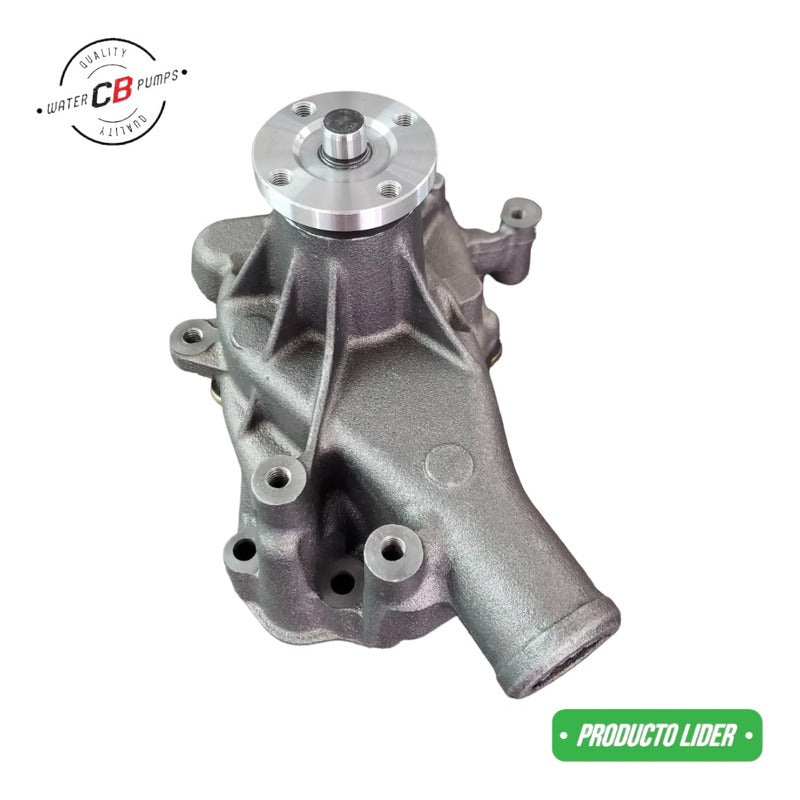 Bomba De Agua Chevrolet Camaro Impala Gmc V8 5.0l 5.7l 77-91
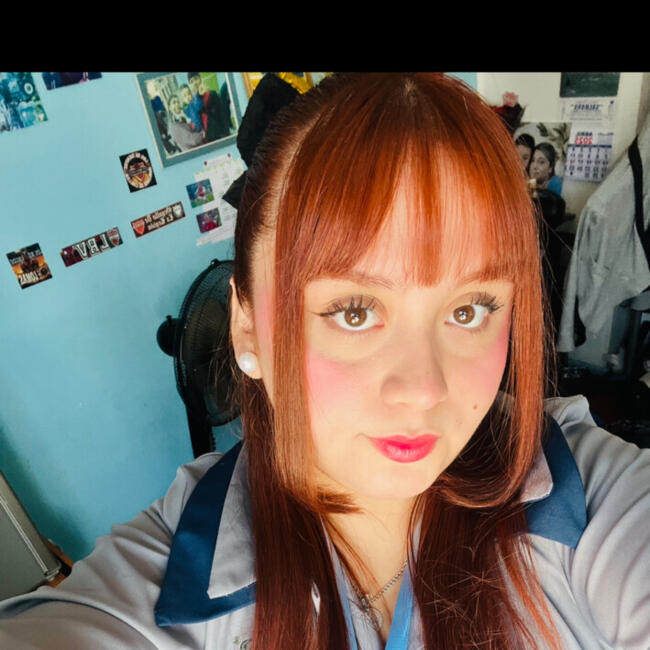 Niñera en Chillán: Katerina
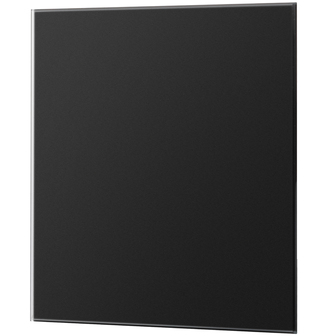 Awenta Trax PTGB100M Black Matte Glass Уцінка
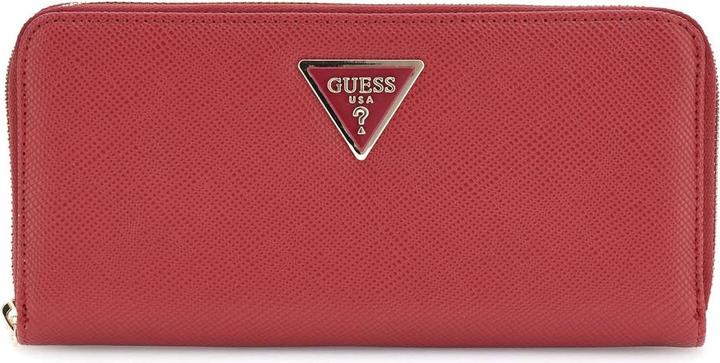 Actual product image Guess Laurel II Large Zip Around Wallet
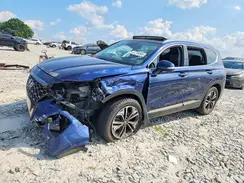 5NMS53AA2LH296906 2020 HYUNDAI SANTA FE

☆ ☆ ☆ ☆ ☆ ☆ ☆

- **Task statement**
The pictures stay out; everything else in the records above must be repeated exactly.

- **Completed exercise**
 Bomba De Agua Chevrolet Camaro Impala Gmc V8 5.0l 5.7l 77-91
 Niñera en Chillán: Katerina
 Awenta Trax PTGB100M Black Matte Glass Уцінка
 Actual product image Guess Laurel II Large Zip Around Wallet
 5NMS53AA2LH296906 2020 HYUNDAI SANTA FE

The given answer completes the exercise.